• LaBella Associates

#Engineers Week: Spotlight on Electrical Engineer Melissa Hernandez-Bernier

It's #Engineer Week! Founded by NSPE in 1951, EWeek (February 21–27, 2016) is dedicated to ensuring a diverse and well-educated future engineering workforce by increasing understanding of and interest in engineering and technology careers. Learn more here. All week LaBella will be highlighting our diverse group of engineering disciplines. Today, meet Melissa Hernandez-Bernier, an electrical engineer.

Melissa Hernandez-Bernier

Name: Melissa Hernandez-Bernier, EIT, LEED GA

Alma Mater: University of Puerto Rico at Mayaguez

What kind of engineer are you (discipline) and what does that mean in layman's terms? Building Electrical Engineer- Electrical engineers are responsible for designing a safe and reliable electrical system from the generation plant (in my case from the utility pole) to the lights and outlets of a building where you plug in your electronic devices. I work in systems for schools, office spaces, commercial buildings, and etc.

What do you like most about being an engineer? I like not to do the same thing every day. So one day I can be out in the field making a building assessments or taking light readings at a parking lot at night. In the office, I can do lighting design modeling, power, communications and fire alarm design systems. I can work on a school, office, retail space, roadway, parking lots, etc.

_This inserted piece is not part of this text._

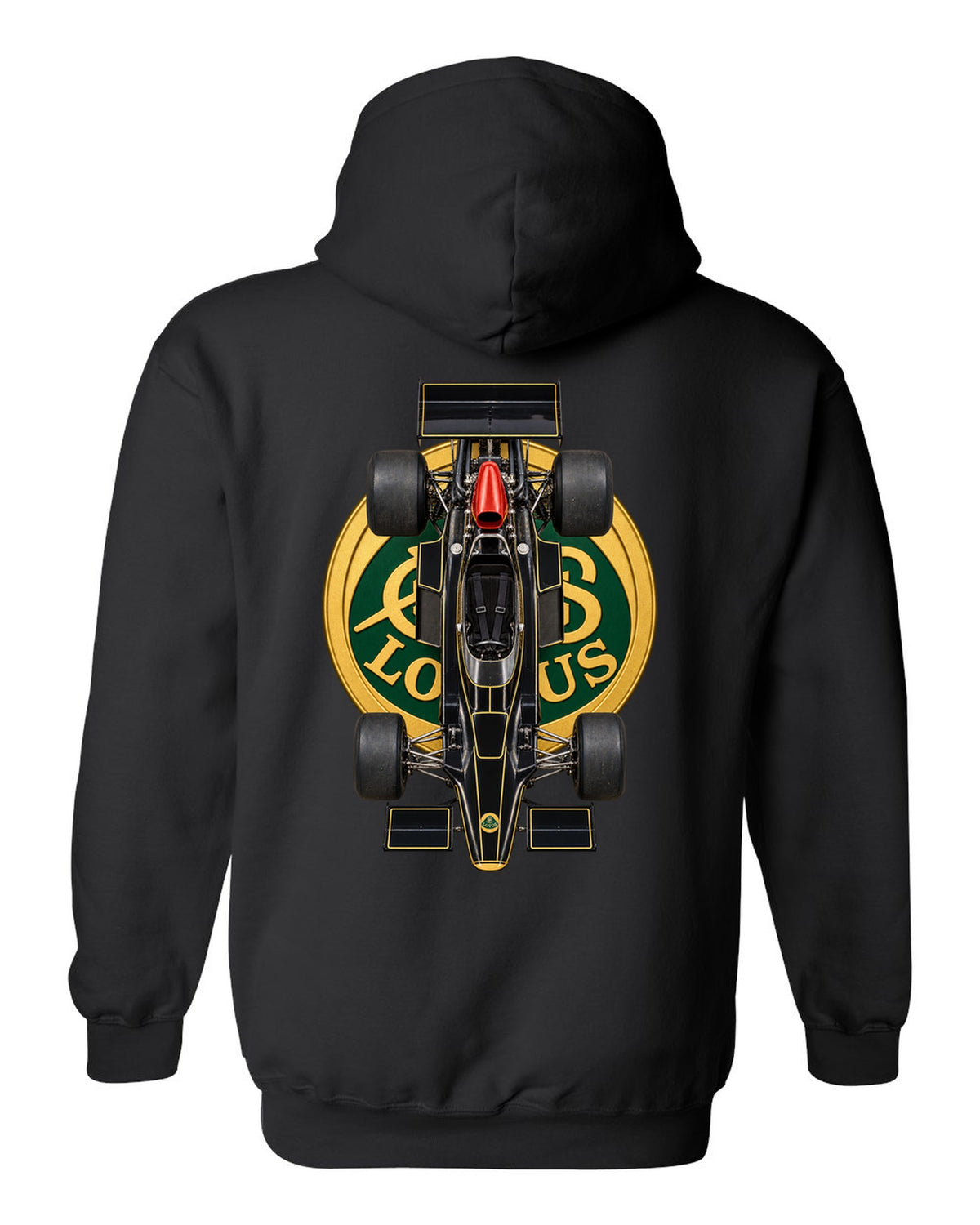 Lotus 72D 1972 Formula 1 overhead poster artwork black pull over hoodie back view with the design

What do you like least about being an engineer? There are still few women.

Tell us about a project that you’re proud of. Niagara Falls NY State Park Improvements Project. Being such a recognized landmark in the US, this project not only carried the responsibility of improving visitor’s experience coming to the park each year, but it also represented several challenges to the design team such as upgrading an electric service system more than 50 years old. There was no updated survey base mapping, and underground utility design/coordination had to account for more than 7 construction staging phases to limit the park’s partial closures to the public. So every phase of design had to take into account future phases and provide adequate yet flexible infrastructure. Each completed phase had to be in working order, with minimum power/lighting interruptions. Walkway, parking lot, step and accent lighting were designed with LED technology. Outdoor motion sensing control was provided in parking lot areas to maximize energy savings without compromising visitor’s safety. New electric vehicle charging stations, a new computer-based revenue control system, new visitor’s restrooms, concessions and ticketing were all included. It was also the first time I was introduced to landscape lighting in the design of the Niagara River Rapids which highlighted areas along the river.

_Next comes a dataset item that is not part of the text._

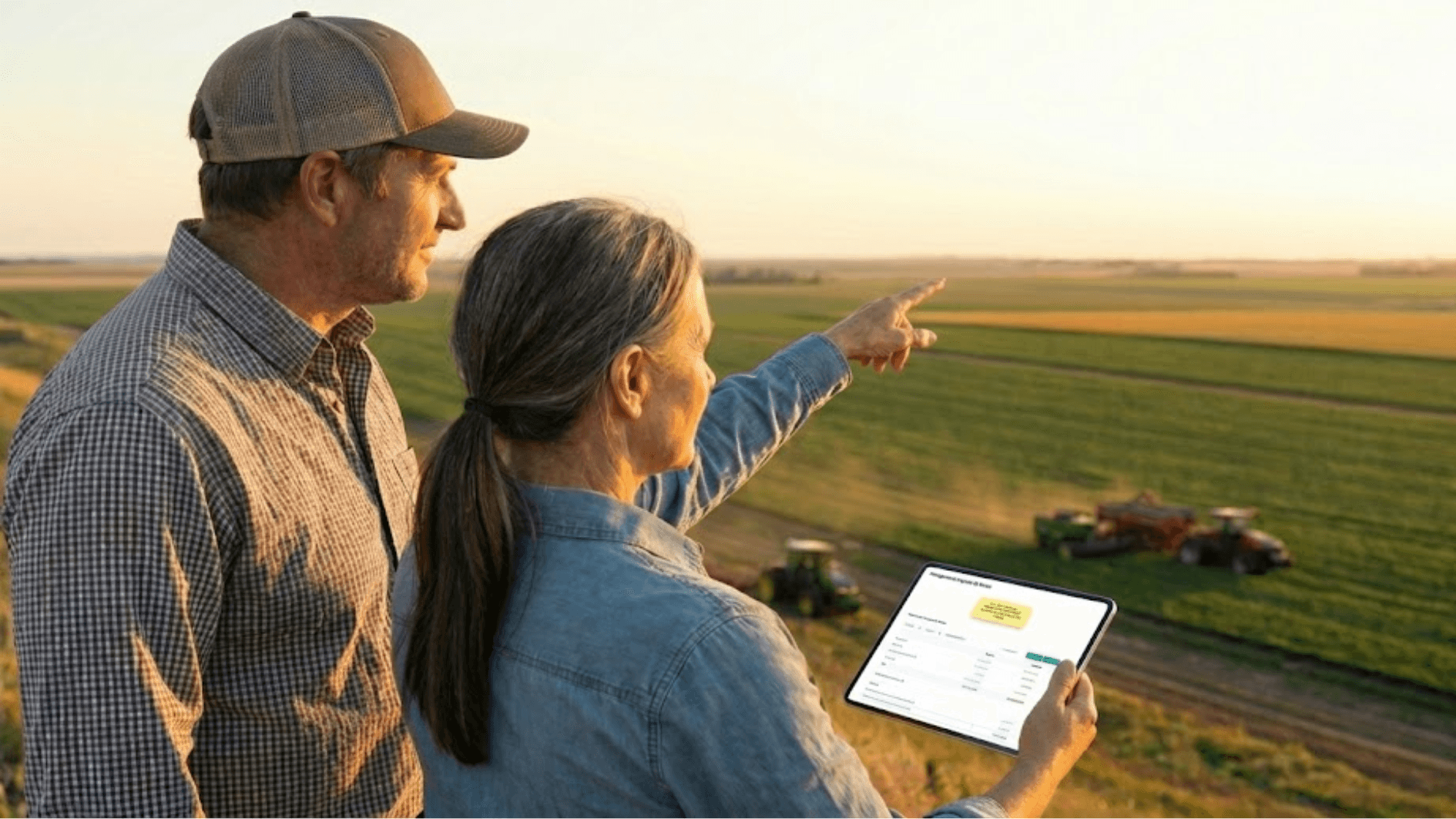 Produtores rurais verificando a projeção do Imposto de Renda no tablet em meio à lavoura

What advice would you give someone thinking of becoming an engineer? What does the future hold for engineering? I think engineering (in general) in the consulting business is gearing towards more collaborative interdisciplinary processes, which makes you better understand and visualize other disciplines and how they affect your work and vice versa.

This, along with a growing demand for more energy efficient building systems and the ever changing technology, is creating a design environment of constant change for engineers, which requires a continuous effort of updating your design skills and knowledge to keep up with the changes.

I would advise anyone interested in becoming an engineer to spend some time with an engineer at work, to clarify misconceptions about engineering.

What do you enjoy doing outside of work? Exercise, cooking, home decorating projects, travel and photography.

What do you like about working at LaBella? I really like it’s diversified working portfolio, as it gives employees the chance to explore different fields. I also like that it’s a professional firm inside and out and encourages a professional work environment.